Closed StefanKarpinski closed 11 years ago
I was unaware of the importance of this until Stefan pointed this out to me:
julia> a = Complex(1,1)
1 + 1im
julia> b = a
1 + 1im
julia> a.re = 2
2 + 1im
julia> a
2 + 1im
julia> b
2 + 1im
Note: I proposed that Immutable could be an abstract type in this email thread. Jeff seems hesitant about this idea and no conclusion was reached.
I have a plan. Complex numbers are important for 1.0; we especially need them for FFTs and the LAPACK interface. And we need to at least match the capabilities of matlab, octave, fortran, etc. Therefore I'm going to try to define Complex64 and Complex128 as bits types, which will give us the packed arrays, immutability, and performance we need. Complex{Foo} can wait for 2.0.
Ok, that's definitely a plan. I think the packed arrays are much more important than the immutability. For v1.0 we can just say "don't mutate complex numbers" and leave it at that. Any chance we can do it that way?
Yeah, this way complex will work like other numeric types, in julia as well as other languages. You won't be able to mutate it or access fields with dot syntax. And we can already stack allocate bits types, so we could get some great performance. Only downside is you can't have complex with arbitrary component types, but that doesn't have many use cases. But, it's easy to define new complex types in julia.
Can we can keep Complex{T} and have Complex64 and Complex128 as special types that implement the same basic functionality but more efficiently? Also, should those be called Complex32 and Complex64 instead? I know they have twice that many bits, but you could argue that the naming is after the size of each part, not the total.
Yes, we can keep it (maybe at the cost of some confusion), and the complex math routines can be made generic enough. I think the names should refer to the total size of the type, like complex*16 in fortran.
I feel there is a need for this, if only to restrict hashing to immutable values in the same way that Python does.
Take this example:
julia> a = [1]; b = [2]; c = {a=>"one", b=>"two"}; a[1] = 2; b[1] = 1; c
{[1]=>"two",[2]=>"one",}
julia> c[[1]]
key not found: [1]
in ref, /home/lachlan/julia/j/table.j:19
julia> c[a]
key not found: [2]
in ref, /home/lachlan/julia/j/table.j:19
julia> c[[1]] = "ONE"; c[[2]] = "TWO"; c
{[1]=>"two",[2]=>"TWO",[2]=>"one",[1]=>"ONE",}
If the hash function is only defined for immutable types by default, then potentially confusing/error-prone situations like this could be avoided. I would be forced to use tuples instead of arrays for my hashtable keys.
Apologies in advance if I am joining an already decided conversation. I can't see the linked discussion threads in the julia-math Google Group as I am not a member.
Yes, technically you are right on this. I'm familiar with http://home.pipeline.com/~hbaker1/ObjectIdentity.html.
Computing hash values of arrays, and comparing arrays both make sense, but not using them as table keys. In fact the only use that comes to mind is memoizing certain kinds of functions. But if a memoizer copied arrays before using them as keys, it would be safe in practice.

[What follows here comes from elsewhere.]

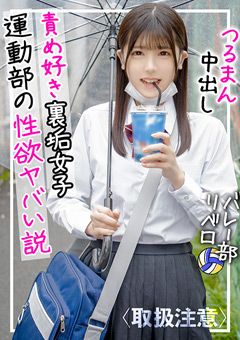 バレー部の裏垢J●に圧倒されたハメ撮り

Disallowing that seems too strict.
There's also issue #359, which proposes using const
fields to express fine-grained immutability. I fully immutable object would be one in which all fields are const
. I think that copying non-const objects upon insertion into a hash is a pretty reasonable way to go. Of course, you can still iterate the keys and then modify the copied key, which might be even more confusing. In order to really solve this, we would need immutable versions of all types :-/
I believe that immutable data structures are very important for writing robust code and become even more important when parallel programming is taken into account. The functional programming community has made this point quite clearly.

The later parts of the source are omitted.